At an installation that’s recently toured the country, each plaster bust has a story.
The creation of Chattanooga-based artist Ali Waller, the “/200” project features 940 busts of women, including Waller herself, who are sexual assault survivors sharing their story through sculpture.
The 22-year-old artist started working with plaster in 2020 after seeing the “Filthy Rich” documentary series, which explained how Jeffrey Epstein groomed and abused young women and girls. She originally hoped to cast 200 women to represent the $200 Epstein paid young girls to “recruit” more girls to give him “massages” during which he would sexually assault them.
The first installation of that project, called “/200,” exceeded that goal with 550 busts. Now, Waller has made casts of nearly 1,000 women and plans a Chattanooga show to honor the 1,000 survivors she’s cast.
The “/200” exhibit has traveled to Chattanooga, Knoxville and Nashville in Tennessee as well as Winston Salem, N.C., West Palm Beach, Fla., and Indianapolis. This year it will travel to Rhode Island, New York and Denver, Co.
Purity culture was a prominent theme in her show “Mommy.” The show, which she held in Chattanooga in May 2021, highlighted how her church’s male-centered leadership and purity culture’s strict gender rules affected women in her family.
“I got to a point where I was like, ‘If I don’t express this in some way, if I don’t get rid of the shame that comes along with these things, I’m going to lose it and I’m just going to be a terrible person.’ It turned into me really having no limit to my openness. I almost feel like having this be public art is the final processing of it,” Waller said.
When Waller first posted about “Mommy” on Instagram, she was overwhelmed with messages from other former church kids and pastor’s kids. Where the “/200” project was interactive, “Mommy” was more personal, making reading other people’s stories more difficult.
With the “/200” project, Waller asked for people’s stories. But a later project, “Mommy,” seemed draw people to share their story without prompting.
“I think that a lot of people lead out with their story because they’ve been on the brink of telling it for so long but no one has received that part of them, or allowed space for that part of them.
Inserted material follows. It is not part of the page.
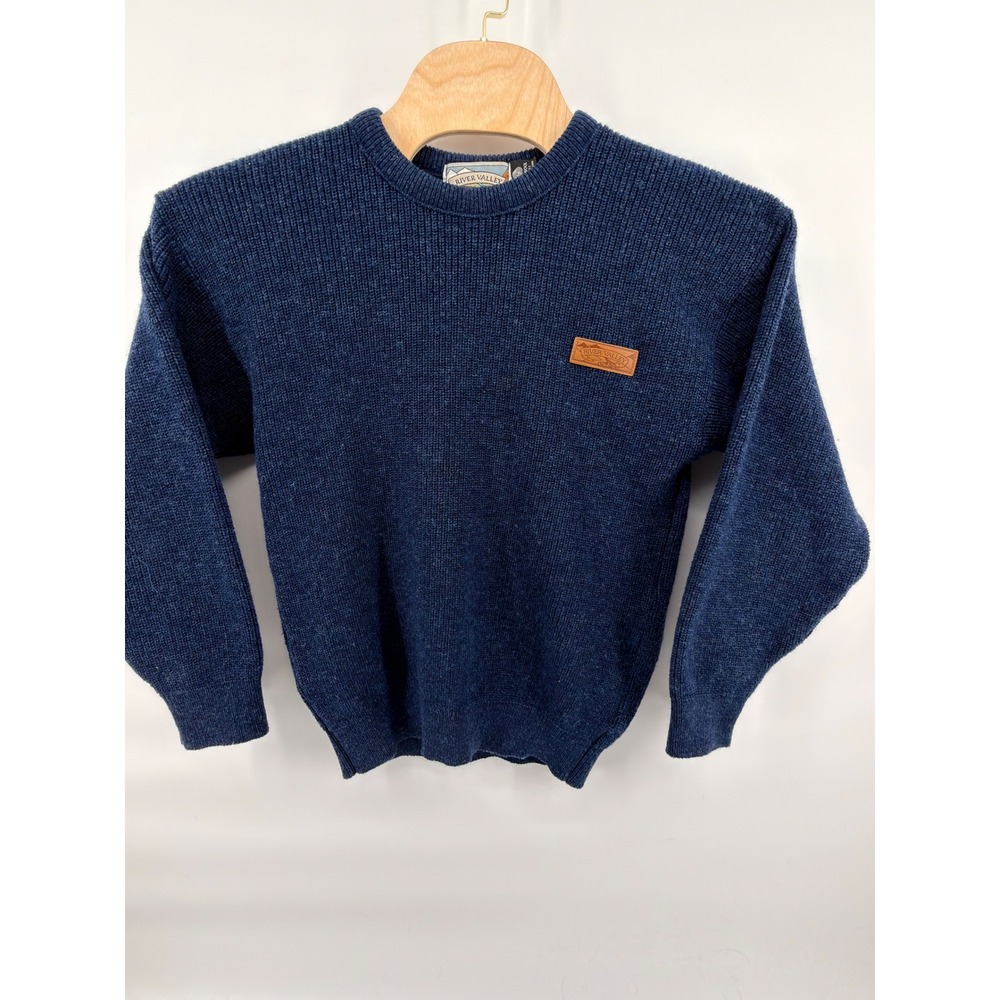 VTG River Valley New Zealand 100% Wool Chunky Sweater Mens S Navy Crewneck Logo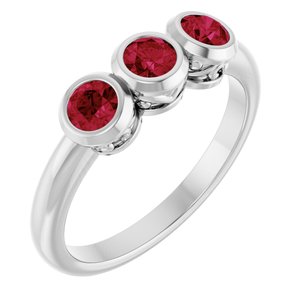 14K White Gold Lab-Grown Ruby Three-Stone Bezel-Set Ring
So even though they don’t know me, they know that I would at least understand their story because I’ve been open about mine,” Waller said.
Despite the discomfort of confronting her trauma and immersing herself in the trauma of others, Waller said creating this art has been healing for those who have participated in the work.
“Creating this art is such a beautiful practice of sharing space and intimacy with strangers and sharing consent and safety. I would love for that to be a lifelong thing that just continues to grow, and reach everywhere because it’s been so healing. I want to continue creating with authenticity. Whether that means I continue doing things in museums or galleries, or I continue doing community oriented projects where communities come together and find places for me to exhibit — either one of those is beautiful. I just want to share the freedom that I’ve found with everyone.”